While in government, Labour could be seen as sell-outs, rightly or wrongly, because they became the establishment and had no one but themselves to blame. The SNP are the establishment, in Scotland, but can nevertheless exercise ‘againstism’, even with new tax powers. They always will so long as Westminster exists, and so long as their main motivation is independence. This is why the bogeymans that sustain nationalism are not natural allies of social democracy; to achieve social democracy would be to remove the bogeyman. This means that the Lesser New Labour tradition within which they govern will continue to go unnoticed, nor be doomed to eventual death as New Labour itself suffered, nor be looked back on as an era of neoliberalism. The SNP can just avert attentions back to the Westminster establishment. ‘Againstism’. Paradoxically, the way the SNP have managed to come to exploit this is because of New Labour's devolution. Devolution has created, for the first time, the perfect environment for an establishment in one part of the country to blame the establishment in another. It has allowed for the rise of an incumbent insurgent. The SNP can campaign as insurgents while still being incumbents. It is a spectacular contradiction that they alone can manage.

Insurgency and anti-establishment politics are not, of themselves, a bad thing. We on the Left all dip our toes in it. It is a joy. It is even more fun for us to be successful. Which is why the celebratory mood that surrounded the SNP gains in Scotland, a paradigm shift against one incumbent for another, is, objectively, understandable. But these insurgents are not actually insurgents; they are the illusion of one, and they have had the reigns of power, greater now for the Scotland Bill, for seven years. And they have done little radical with it. The aim of an anti-establishment politics is to replace an establishment with something better. All the SNP have done is inherit an establishment. They are simply in the fortunate position of managing to rhetorically distance itself from it due to the unique nature of devolution.

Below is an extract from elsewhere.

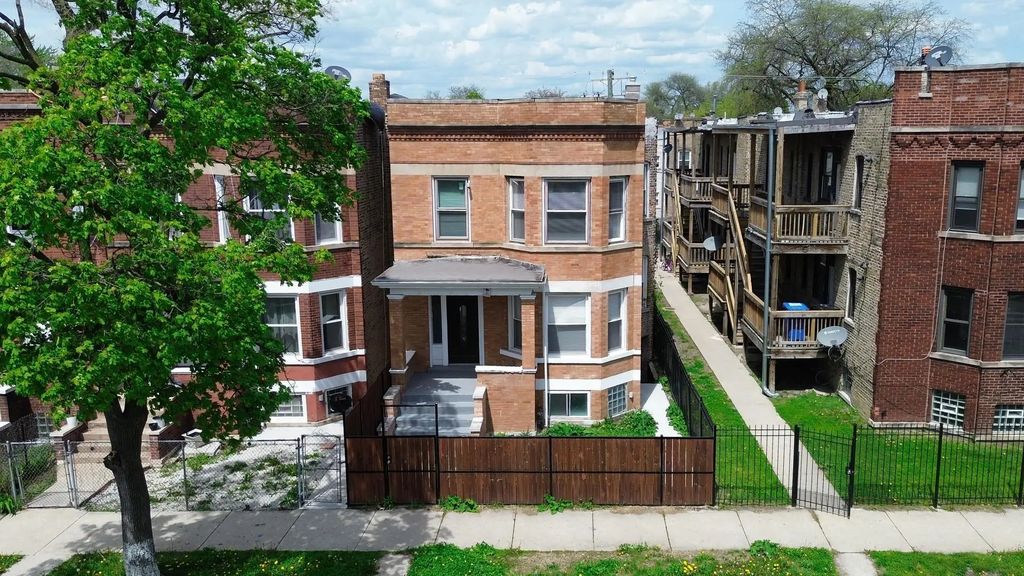4906 W Erie Street, Chicago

This is why some of the Left still loves them, despite everything. They can remain ‘againstists’ regardless of their incumbency. They do not have the stench of government as a national Labour government did and inevitable would have. So the English Left still dream.

But now, with this mounting evidence and the SNP’s clumsy revisionism, it is up to the English Left to distinguish between genuine leftism and empty anti-establishmentarianism, and to see the establishment -via governance- as something to define for itself, to reshape as something better, rather than something to be continuously against. This is, after all, what Attlee's government did. The SNP have not defined the establishment, they have continued someone else's. It's up to us to recognise that and fall out of love with the SNP.